A function f:X→Y between 2 metric spaces X,Y is called a *weakly contracting function* if ∀a,b∈X, d_{Y}(f(a),f(b))<d_{X}(a,b). That is, any 2 points are brought closer together by f. But unlike a contracting function (which see), there is no bound on the degree of contraction.

For example, the function sin:**R**→[-1,1] is weakly contracting (because |cos(x)|=|sin'(x)|≤1, so by the mean value theorem we have that for all a<b there exists a<c<b with |sin(a)-sin(b)|=|cos(c)||a-b|≤|a-b|; when |cos(c)|=1 we still don't get |sin(a)-sin(b)|=|a-b|, because sin is not a linear function on any interval), but not contracting (consider points a=0, b close to a; the proof that (sin(x)/x)→1 as x→0 shows sin is not contracting).
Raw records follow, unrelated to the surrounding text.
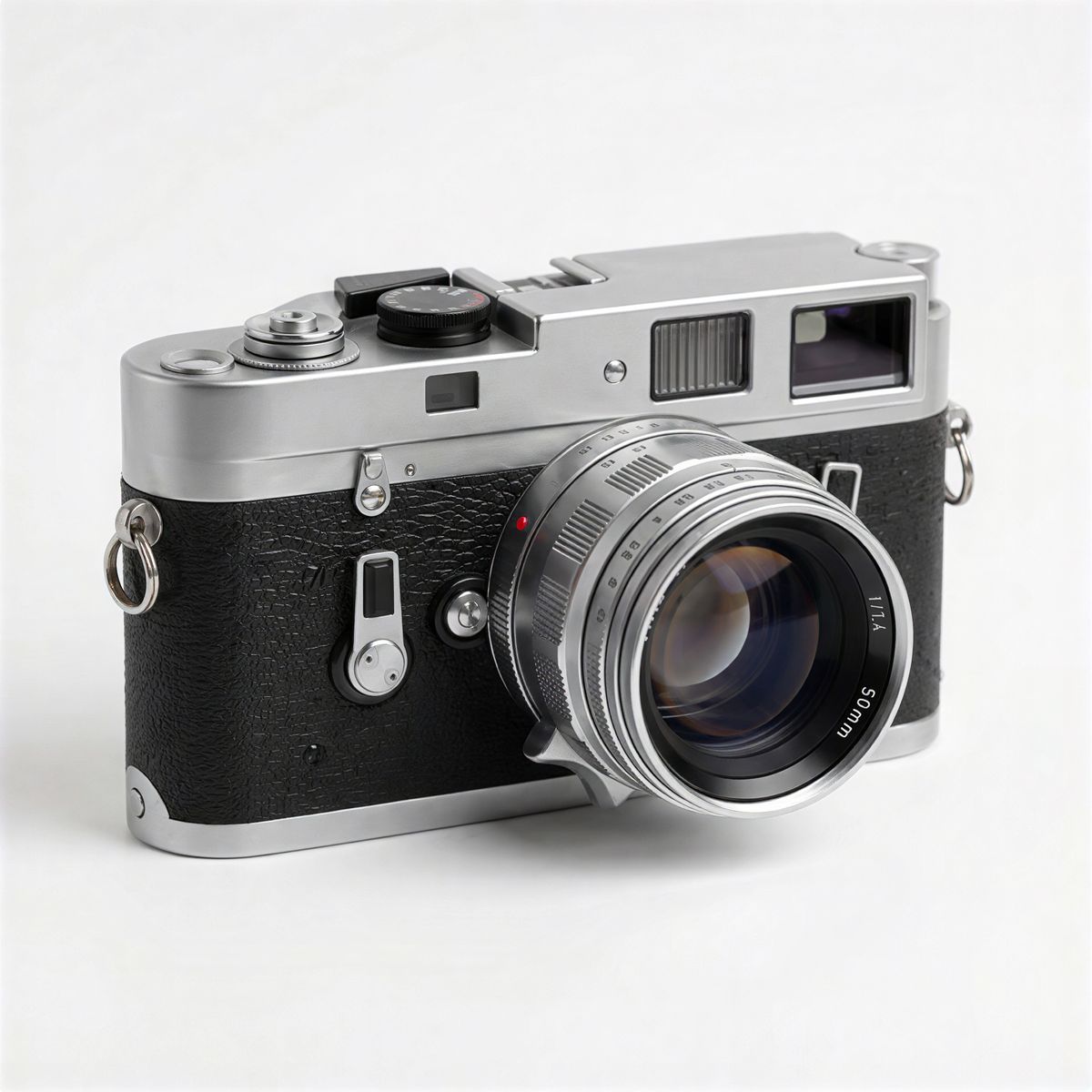 The same camera as a large, sharp packshot with clear dials and leatherette texture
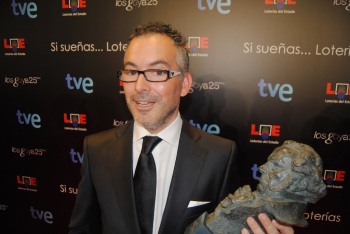 Pedro Solís, al ganar el Goya por 'La Bruxa'. // Foto: TVE.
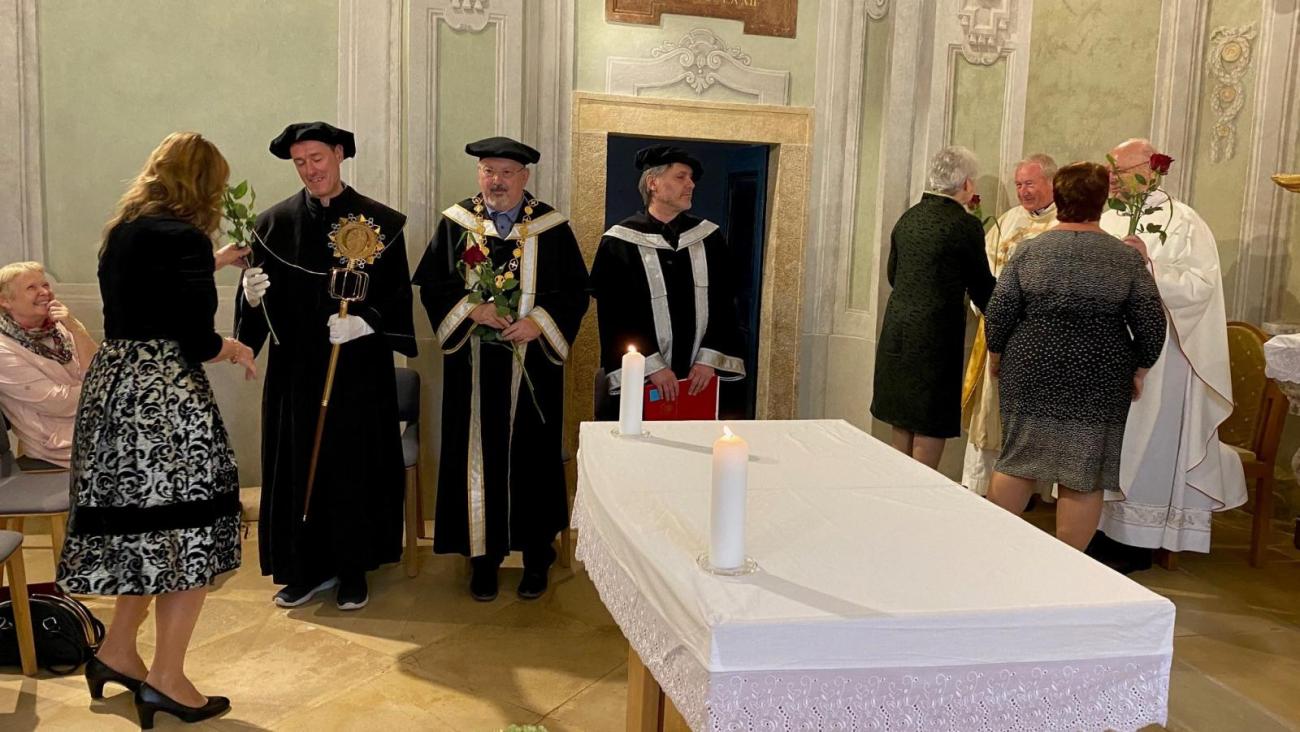 Odovzdávanie osvedčení počas promócie Univerzity tretieho veku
Unlike a contracting function, a weakly contracting function f:X→X on a complete metric space X might fail to have a fixed point. It's very easy to draw such a function on **R**: draw the line y=x, then another increasing curve above it. The curve should approach y=x asymptotically as x→∞, keeping its slope below 1. Then it is not a contracting function (because its slope approaches 1 as x→∞), but it is weakly contracting. It does not have a fixed point, though, as it steadfastly remains above the line y=x.

Nonetheless, we have this:

**Theorem.** A weakly contracting function f:X→X on a compact metric space X has a unique fixed point.